Bu ve buna benzer olaylar, müslümanların birliğini ayırdı, cemiyet ve toplumları parçaladı, artık yama deliğe küçük gelmeye başladı. Ufuklar nifak ve ayrılıklarla doldu. Herkes birbirini bid’atçilikle suçluyor, her cemaat kendine muhalefet edeni en ufak hususta bile sapıklıkla suçluyor, hatta birbirlerini tekfir ediyor ve birbirlerini öldürüyorlardı. Durum Rasûlullah’ın haber verdiği hale geldi: “Ümmetim yetmiş üç fırkaya bölünecektir. Onlardan biri dışında diğerleri cehennemdedir.” “Kurtulan fırka kimdir?” diye sorulunca Rasûlullah, “Benim ve ashabımın yolunu takip edenler” cevabını verdi.
MÜTEAHHİRUN HERŞEYİ DEĞİŞTİRİP, TEK BİR KİŞİYİ TAKLİD ETMEYİ GEREKLİ KILMAKLA TEFRİKAYA DÜŞTÜLER
Müslümanlar, Hulefa-i Raşidin ve Tabiîn gibi mükemmel müslüman oldukları, islâm’a bağlı ve sadık kaldıkları müddetçe muzaffer olup ülkeler fethettiler ve dini yücelttiler. Ne zaman ki Allah’ın emirlerini değiştirdiler, Allah birçok ayetinde de buna işaret ettiği gibi, nimetlerini değiştirmekle, devletlerini almakla ve hilafeti kaldırmakla onları cezalandırdı. Cenâb-ı Hakk’ın şu âyetinde olduğu gibi:
“Bu, bir milletin kendilerini değiştirmedikçe. Allah onlara verdiği nimeti değiştirmez (kanunundan dolayı böyledir) ve Allah işiten ve bilendir. (Kimin neye mustehak olduğunu bilir)” (Enfal 53)
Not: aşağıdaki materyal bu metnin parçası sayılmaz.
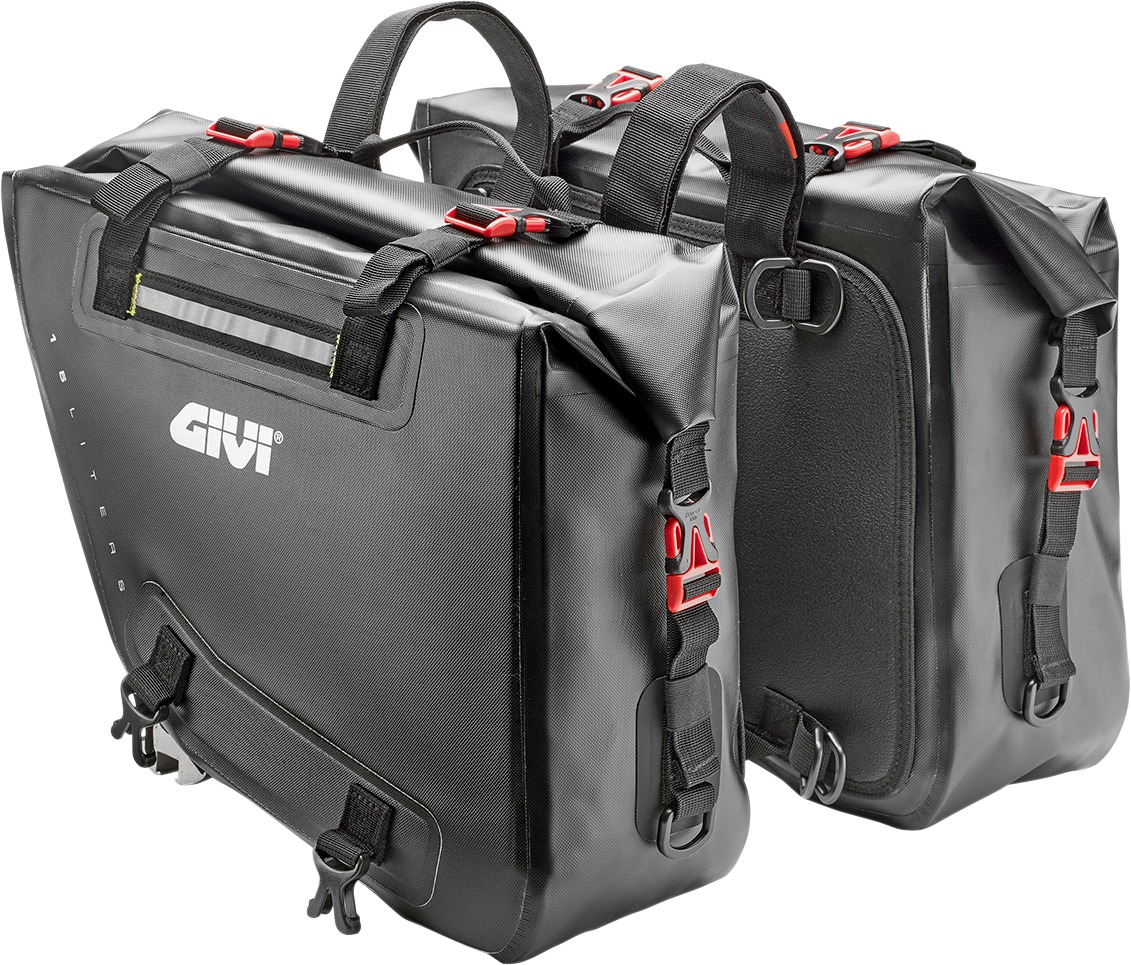 GRT708 Canyon Saddlebags - Gravel-T Saddlebags 15Ltr - Click Image to Close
Özel bir mezhebe intisap etmek, batıl görüşleri de olsa o mezhebe taassup göstermek, değişikliğe uğrattıkları konulardır. Bu görüşler üçüncü asırdan sonra ortaya çıkmış bid’at işlerdir. Bunda hiç şüphe yoktur. Bid’atle amel etme ve ondan bir sevap umulması sapıklıktır. Selef-i salihîn; Kitap, Sünnet ve ikisinin delalet ettiklerine, bir de ümmetin icmaına sarılıyorlardı. Allah onlara merhamet etsin, onlardan razı olsun ve etsin, bizi de onlardan kılsın ve onlarla birlikte haşretsin. Fakat mezheplerin bidatleri yayılınca, o bid’atlerden, ayrılıklar ve birbirlerini sapıklıkla suçlamalar doğdu. Öyleki, dört mezhep müntesipleri Ehl-i Sünnet olduklarını söylemelerine rağmen, Şafiî imamın ardından Hanefî’nin uyması caiz olmadığına dair fetva verdiler.
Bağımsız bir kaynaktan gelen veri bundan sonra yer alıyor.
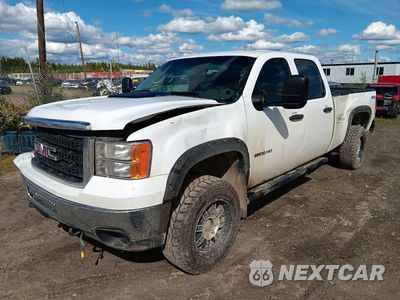 2011 GMC SIERRA K2500 HEAVY DUTY 1GT12ZC88BF242622 - główne zdjęcie licytacji z USA - miniatura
Fakat amelleri onları yalanladı, sözlerindeki çelişkiler onların bu görüşlerini boşa çıkardı. Mescid-i Haram’daki dört makam bu bid’atlerden doğdu.
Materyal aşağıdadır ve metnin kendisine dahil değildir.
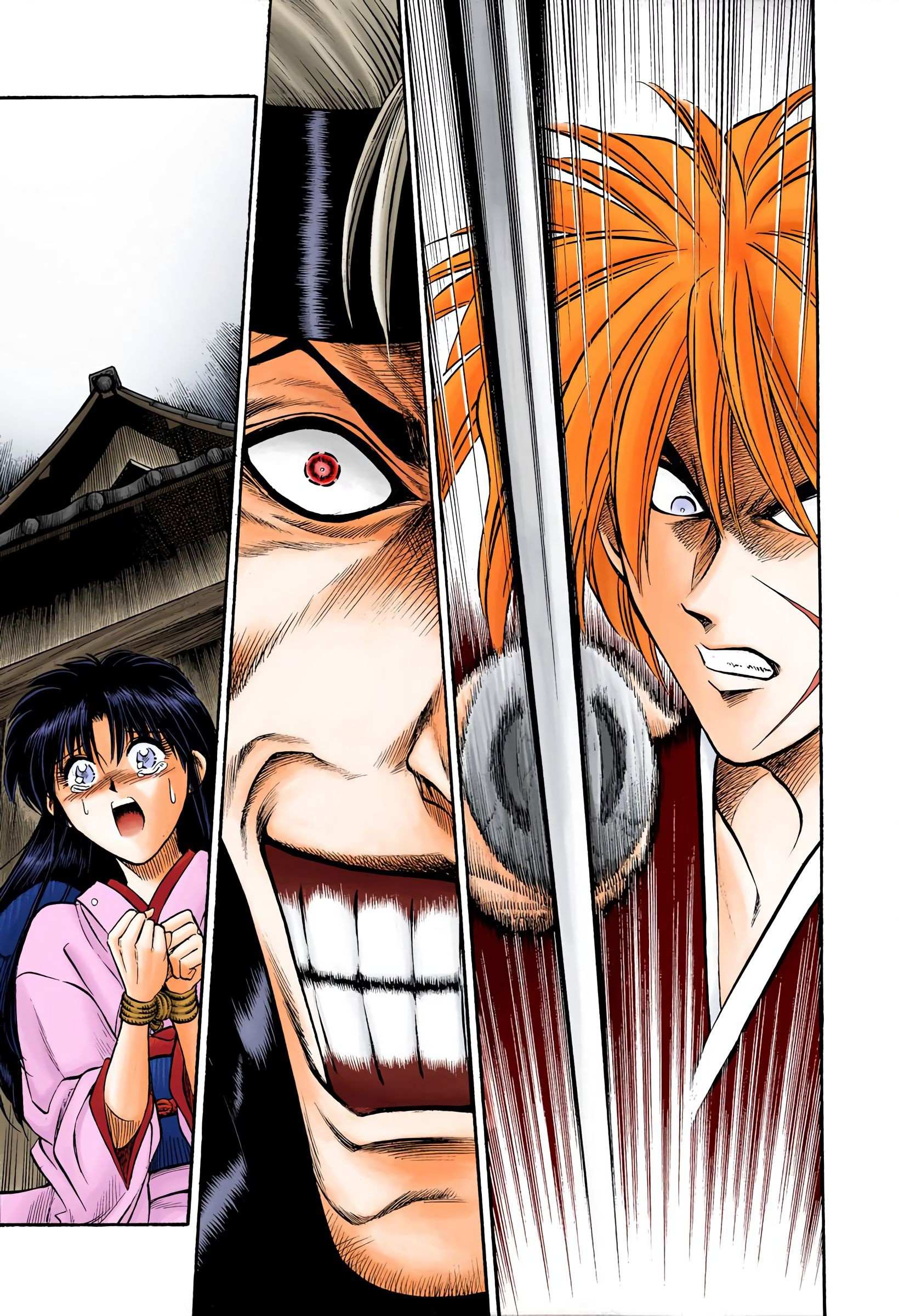 Rurouni Kenshin: Meiji Kenkaku Romantan - Digital Colored - chapter 14 - #5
Cemaatler çeşitlendi. Her mezhepli kendi mezhebindeki cemaatı bekledi. Bu bid’atler sayesinde şeytan müslumanları tefrikaya düşürmek, onları çeşitli gruplara bölmek gibi maksadlanndan birini daha elde etmiş oldu. Bundan Allah’a sığınırız.